* MATERIAL PROVIDED:
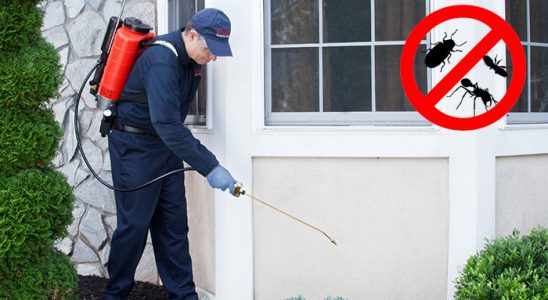 Çayırlı Böcek ve Haşere İlaçlama böcek ilaçlama ve haşere kontrolü — ilaclama-tr.com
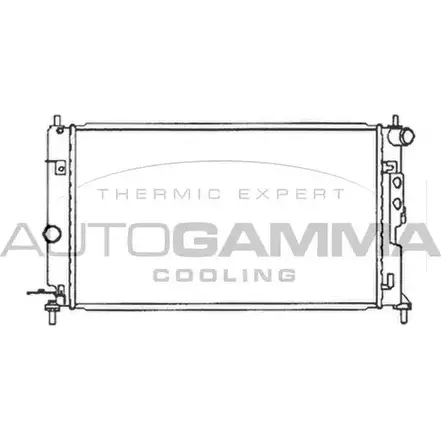 Радиатор охлаждения двигателя AUTOGAMMA 3849708 BY36C FGHN 7 102414 изображение 0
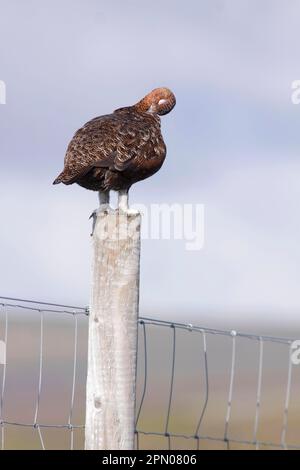 Schottisches Grosshuhn, Rothuhn (Lagopus lagopus scoticus), Ptarmigan, Ptarmigan, Huhn, Huhn, Tiere, Vögel, Rotlauge, männliche Jungtiere, Aasfresser Stockfoto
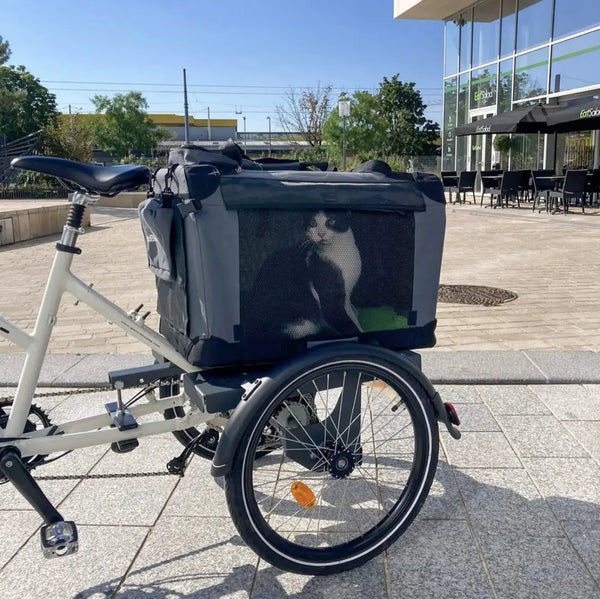 AddBike B-Back Box Pet | Tricycle Dog Bike Trailer-Pet Strollers-AddBike- Silver Circle Pets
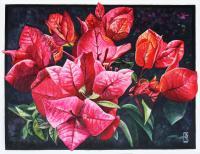 Bougainvillea Spectablis - Watercolour And Ink Paintings - By Julia Patience, Realism Painting Artist
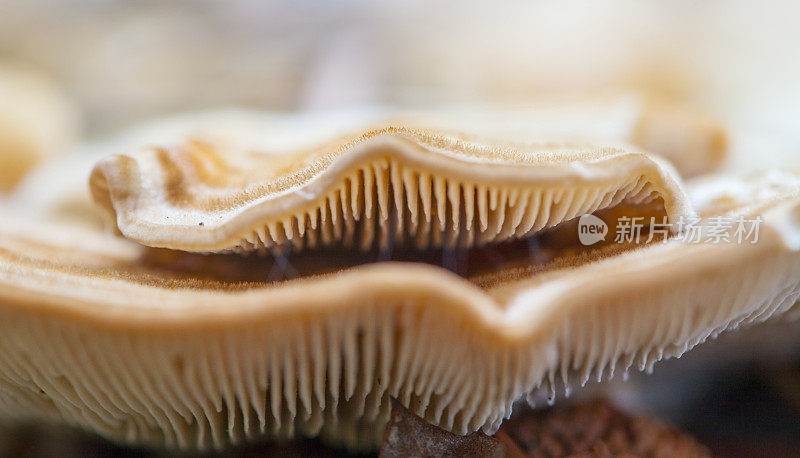 杂色Trametes versicolor蕈类:位于罗洛特附近的加泰罗尼亚森林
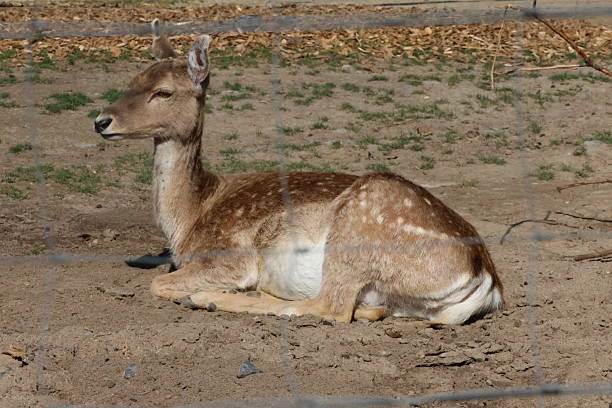 Deer alying on the floor ona sunny day. Looking at the camera througa fence.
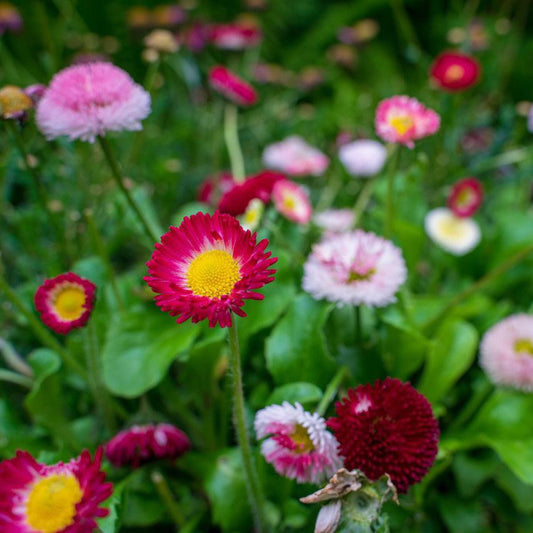 English Daisy
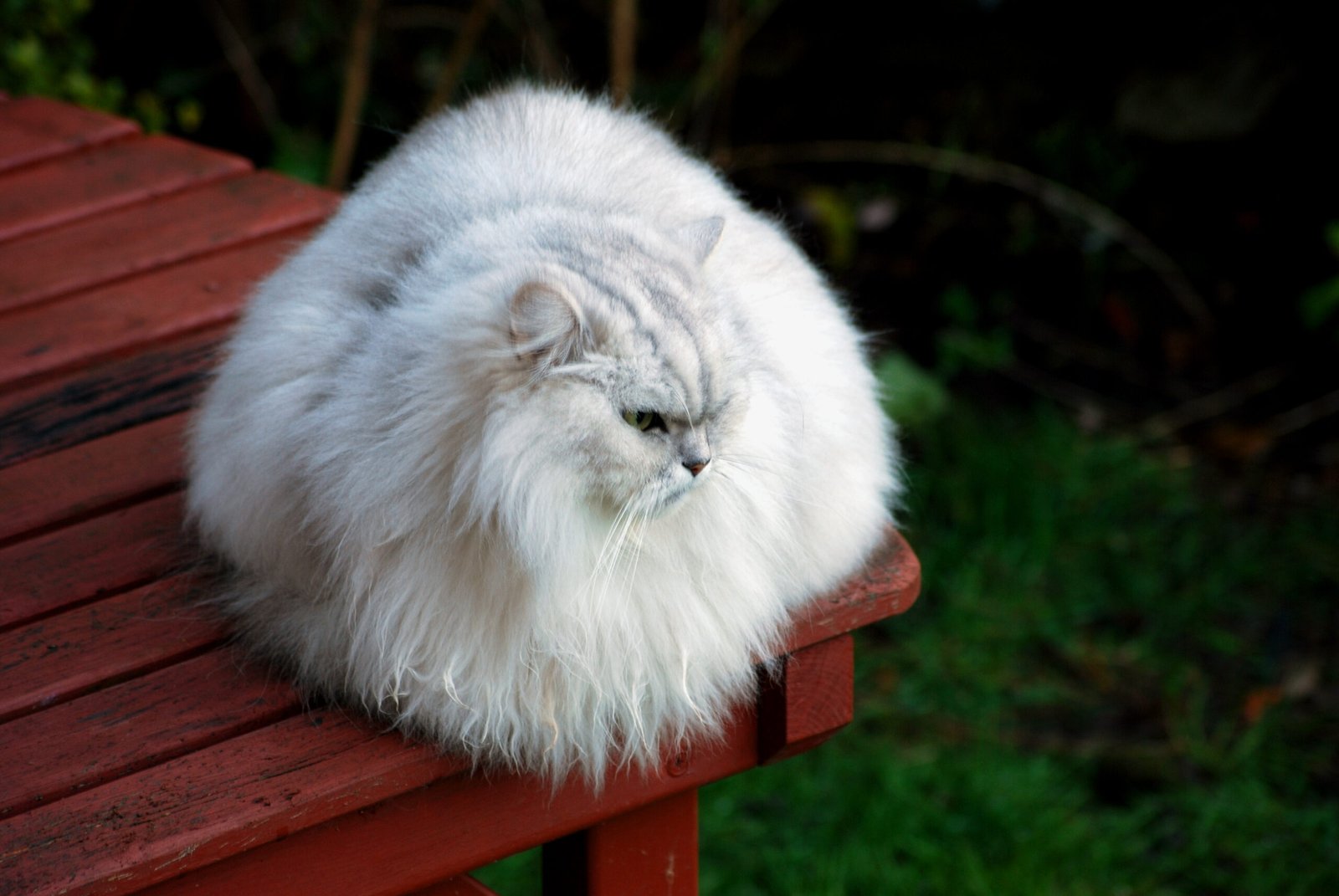 Responding to Changes in the Environment (image credits: wikimedia)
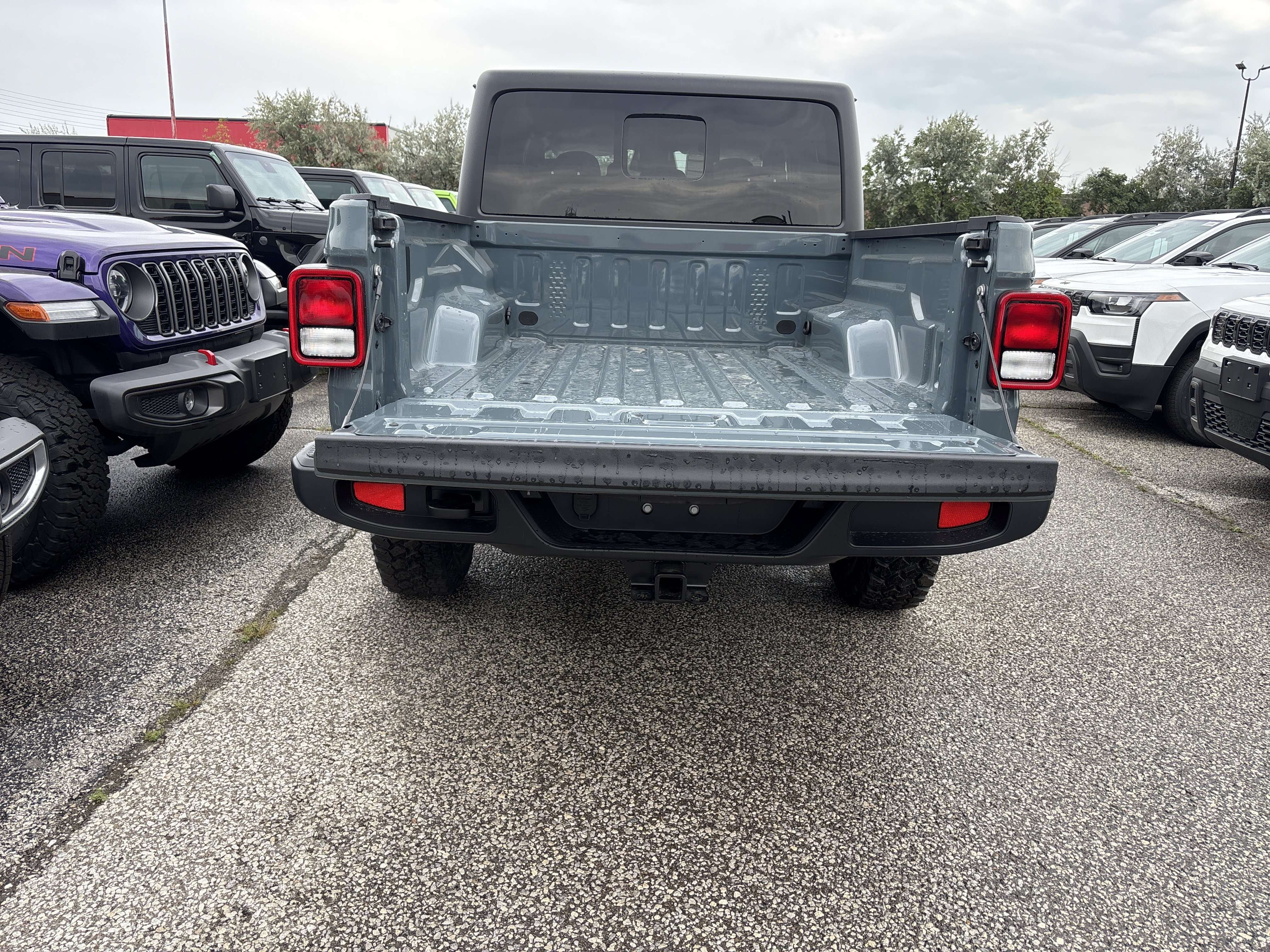 Image 7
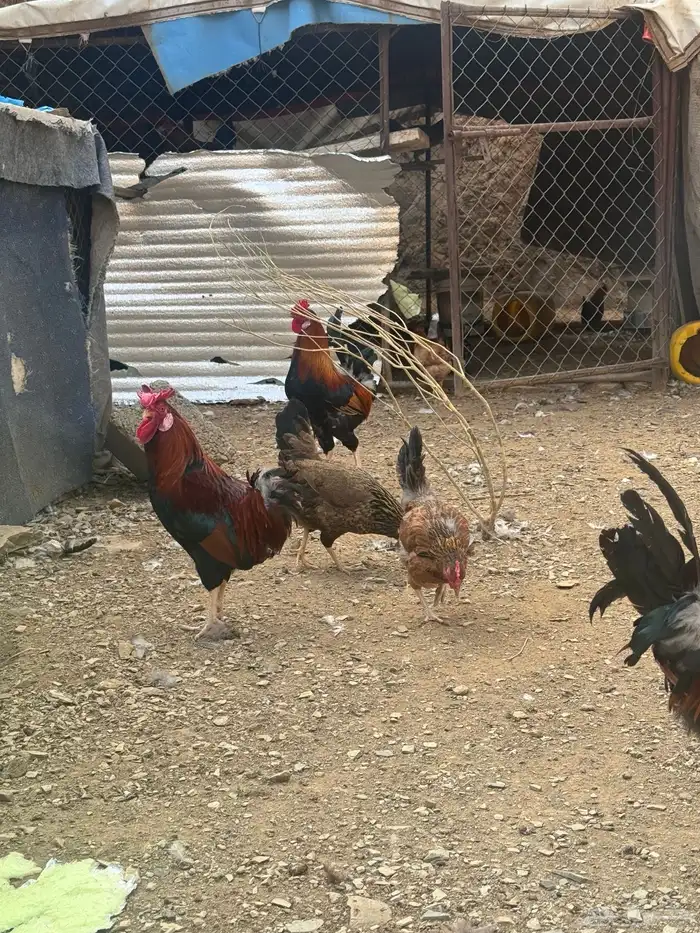 دجاج عربي دجاج جبنيز ديك رومي للبيع 19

* EXERCISE BRIEF:
Set down, word for word, the line that holds "杂色Trametes versicolor蕈类:位于罗洛特附近的加泰罗尼亚森林" and all lines after it to the end of the entries above, but not the pictures.

* OUTPUT OF THE TASK:
 杂色Trametes versicolor蕈类:位于罗洛特附近的加泰罗尼亚森林
 Deer alying on the floor ona sunny day. Looking at the camera througa fence.
 English Daisy
 Responding to Changes in the Environment (image credits: wikimedia)
 Image 7
 دجاج عربي دجاج جبنيز ديك رومي للبيع 19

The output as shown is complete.